Problem requirements – Pictures excluded, reproduce exactly the lines below from the one with "Stechpalmen- oder Ilexzweig" through the one with "1116 Greenfield Dr, Cheney, WA", both included.
·····
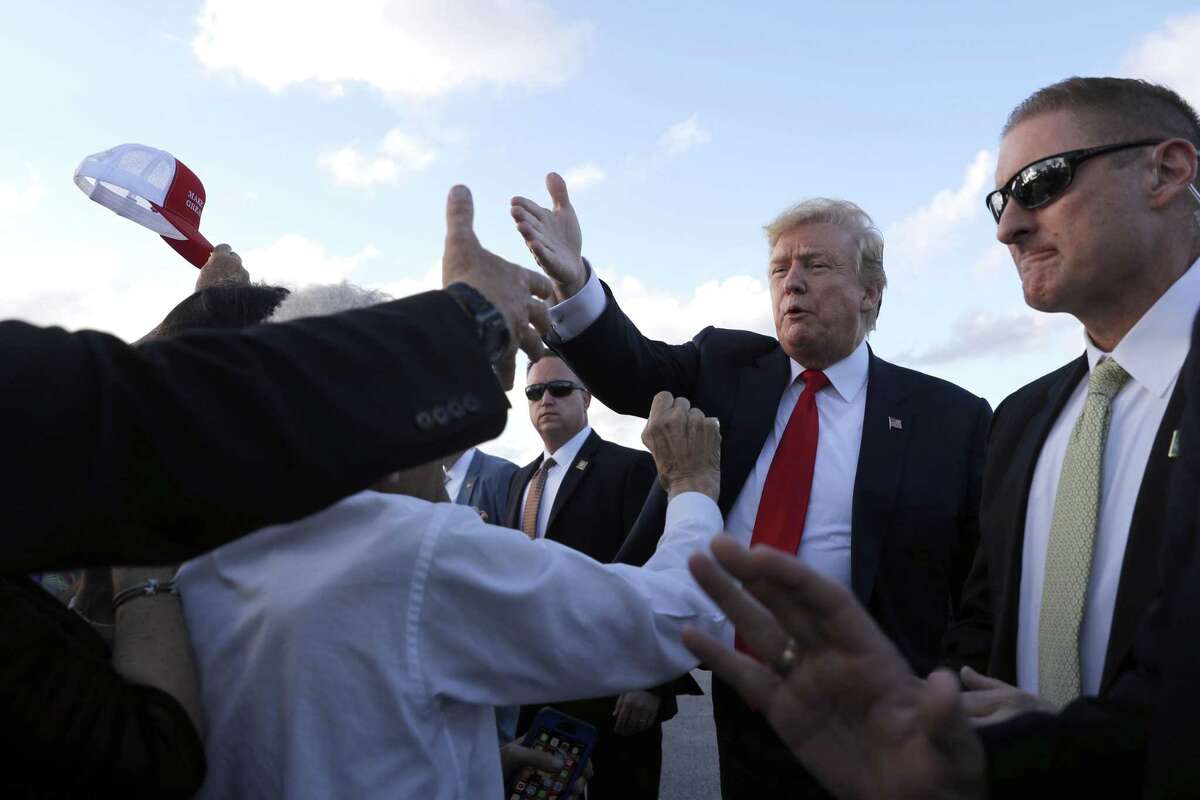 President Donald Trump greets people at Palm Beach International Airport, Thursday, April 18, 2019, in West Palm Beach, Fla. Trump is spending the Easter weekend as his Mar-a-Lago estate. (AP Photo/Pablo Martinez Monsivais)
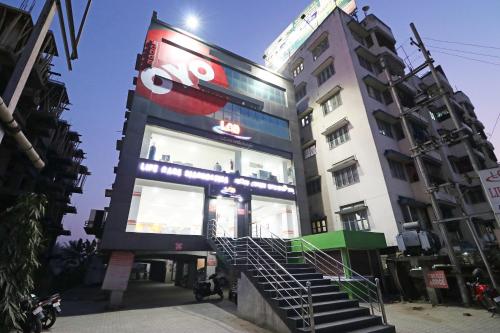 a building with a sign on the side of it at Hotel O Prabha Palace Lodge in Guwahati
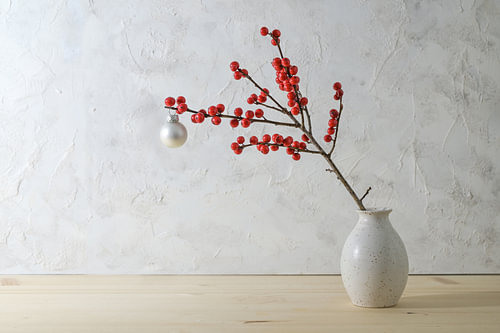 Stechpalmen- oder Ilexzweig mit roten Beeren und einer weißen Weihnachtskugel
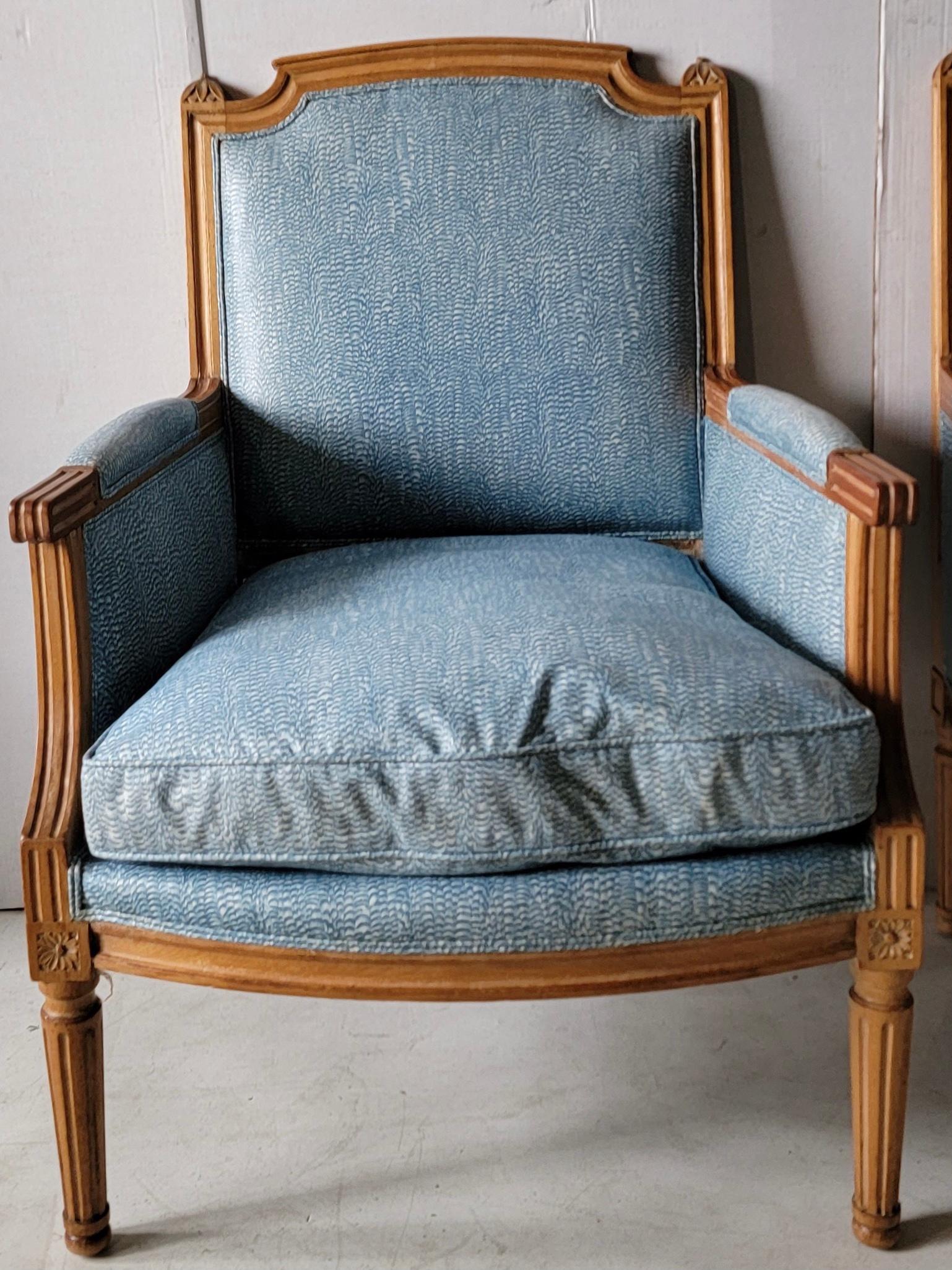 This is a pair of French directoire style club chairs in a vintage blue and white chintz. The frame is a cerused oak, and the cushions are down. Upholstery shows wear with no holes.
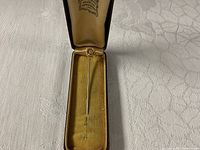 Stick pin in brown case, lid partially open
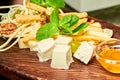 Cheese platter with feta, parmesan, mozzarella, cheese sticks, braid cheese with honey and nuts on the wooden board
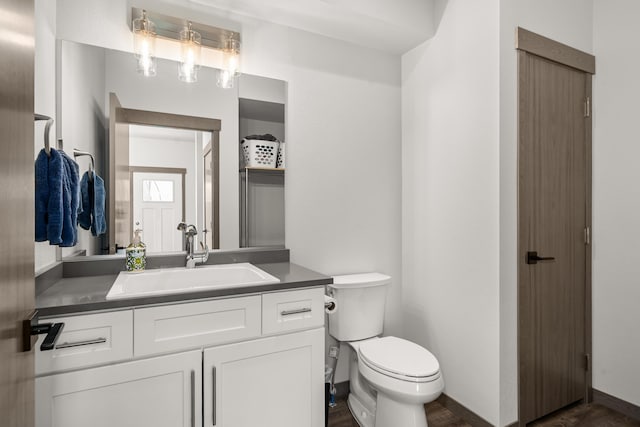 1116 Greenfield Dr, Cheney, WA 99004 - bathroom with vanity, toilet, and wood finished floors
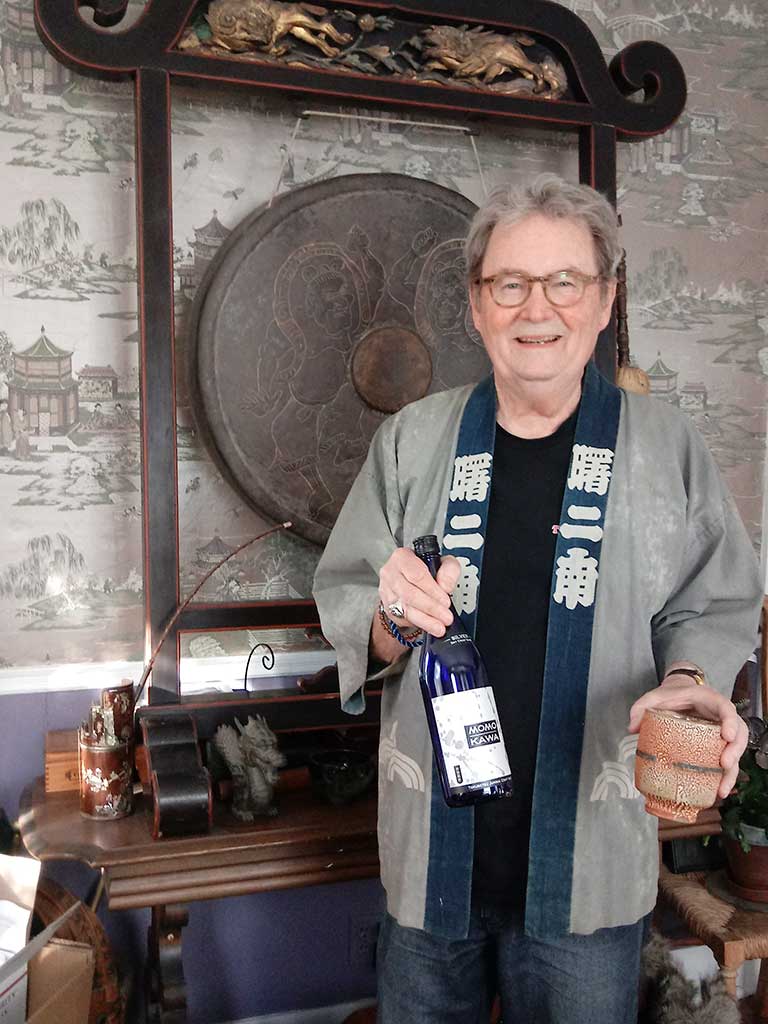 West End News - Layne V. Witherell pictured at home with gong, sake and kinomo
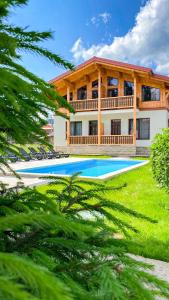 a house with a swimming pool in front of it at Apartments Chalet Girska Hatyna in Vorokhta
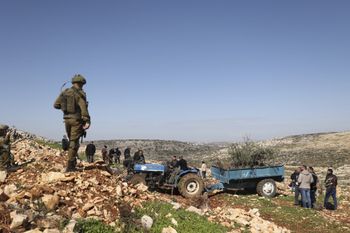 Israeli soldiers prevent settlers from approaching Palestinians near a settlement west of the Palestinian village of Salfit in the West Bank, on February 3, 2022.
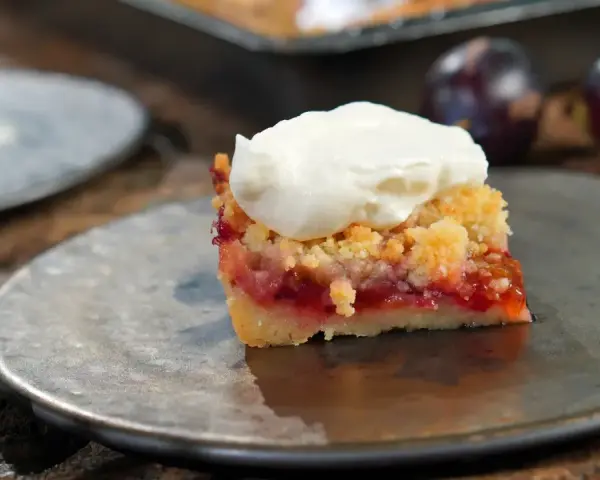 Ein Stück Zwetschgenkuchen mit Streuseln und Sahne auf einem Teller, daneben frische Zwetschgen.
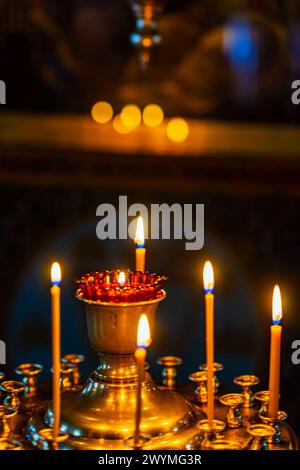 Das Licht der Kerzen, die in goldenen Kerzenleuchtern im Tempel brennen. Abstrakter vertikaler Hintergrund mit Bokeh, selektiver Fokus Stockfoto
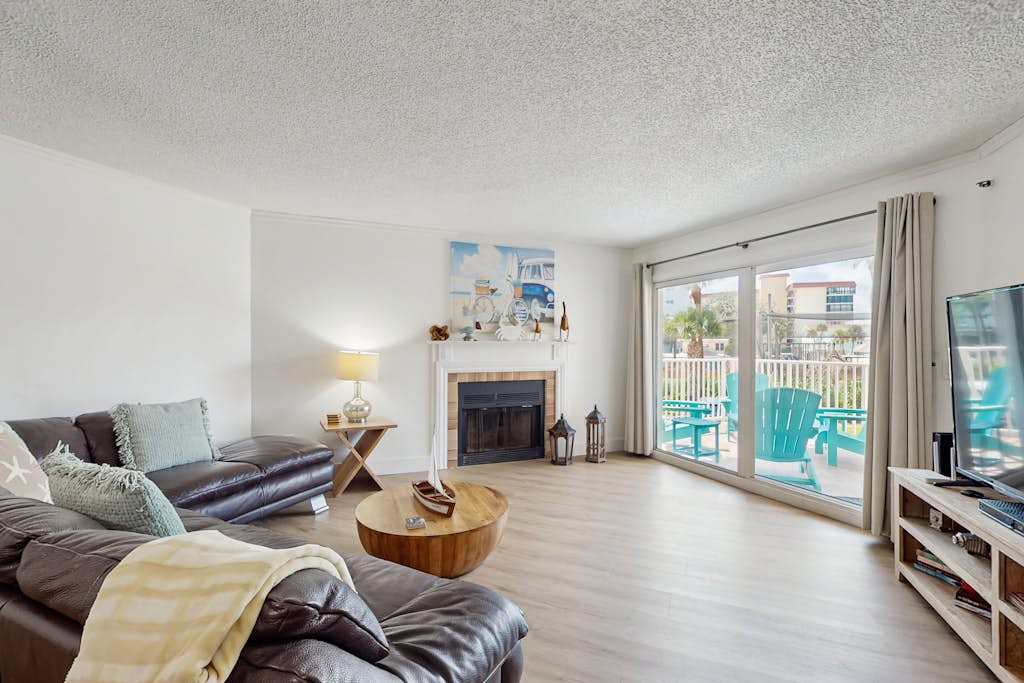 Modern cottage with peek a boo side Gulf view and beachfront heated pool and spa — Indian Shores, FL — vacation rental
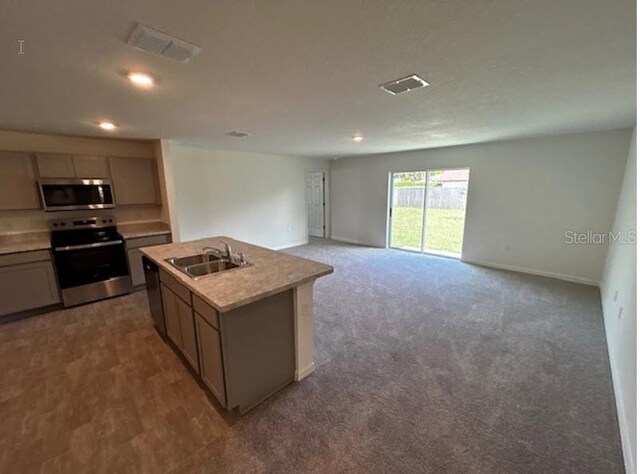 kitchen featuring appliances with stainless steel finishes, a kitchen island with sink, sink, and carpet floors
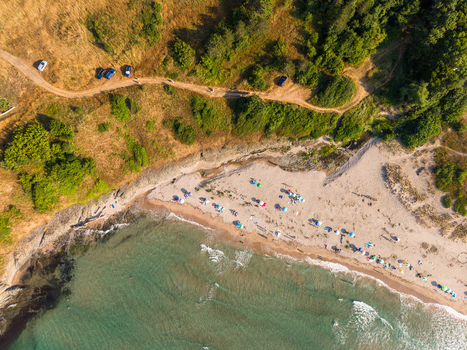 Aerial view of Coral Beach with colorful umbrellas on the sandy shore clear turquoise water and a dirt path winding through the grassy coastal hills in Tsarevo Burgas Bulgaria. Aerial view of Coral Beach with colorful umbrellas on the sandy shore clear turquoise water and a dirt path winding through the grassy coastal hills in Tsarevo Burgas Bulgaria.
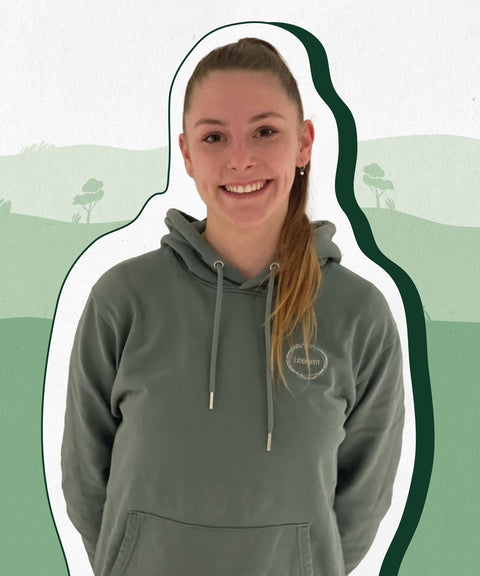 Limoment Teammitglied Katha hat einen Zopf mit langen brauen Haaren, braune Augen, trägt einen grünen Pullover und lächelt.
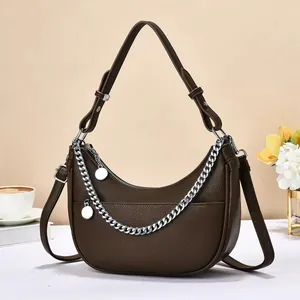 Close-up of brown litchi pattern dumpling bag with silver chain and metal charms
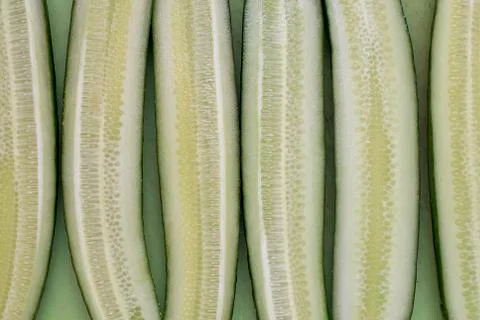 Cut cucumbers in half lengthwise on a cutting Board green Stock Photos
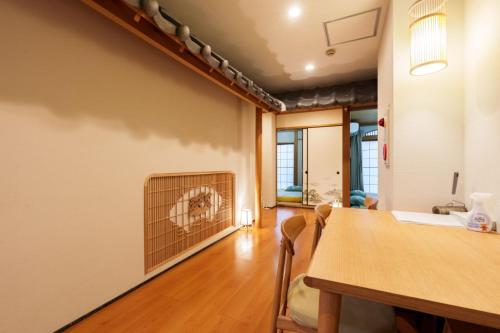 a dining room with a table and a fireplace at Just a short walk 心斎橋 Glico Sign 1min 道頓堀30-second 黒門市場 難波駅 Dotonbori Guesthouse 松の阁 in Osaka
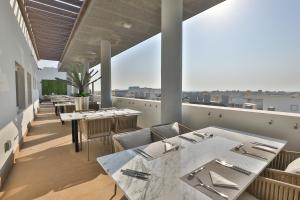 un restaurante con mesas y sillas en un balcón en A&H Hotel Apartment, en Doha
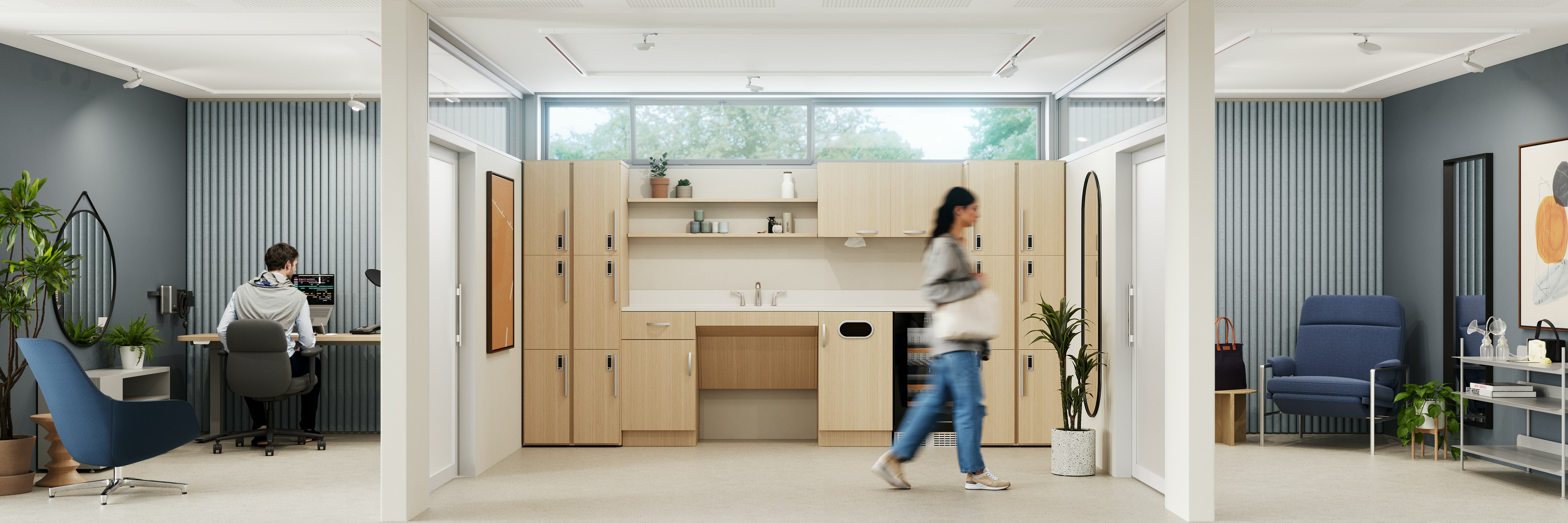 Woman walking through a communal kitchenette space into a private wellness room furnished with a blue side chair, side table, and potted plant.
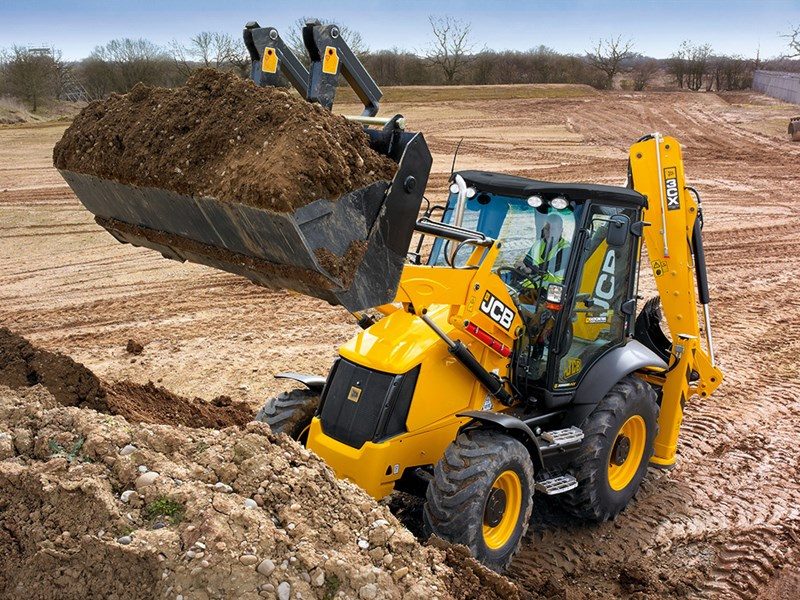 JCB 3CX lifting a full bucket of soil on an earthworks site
·····
Your solution –
 Stechpalmen- oder Ilexzweig mit roten Beeren und einer weißen Weihnachtskugel
 This is a pair of French directoire style club chairs in a vintage blue and white chintz. The frame is a cerused oak, and the cushions are down. Upholstery shows wear with no holes.
 Stick pin in brown case, lid partially open
 Cheese platter with feta, parmesan, mozzarella, cheese sticks, braid cheese with honey and nuts on the wooden board
 1116 Greenfield Dr, Cheney, WA 99004 - bathroom with vanity, toilet, and wood finished floors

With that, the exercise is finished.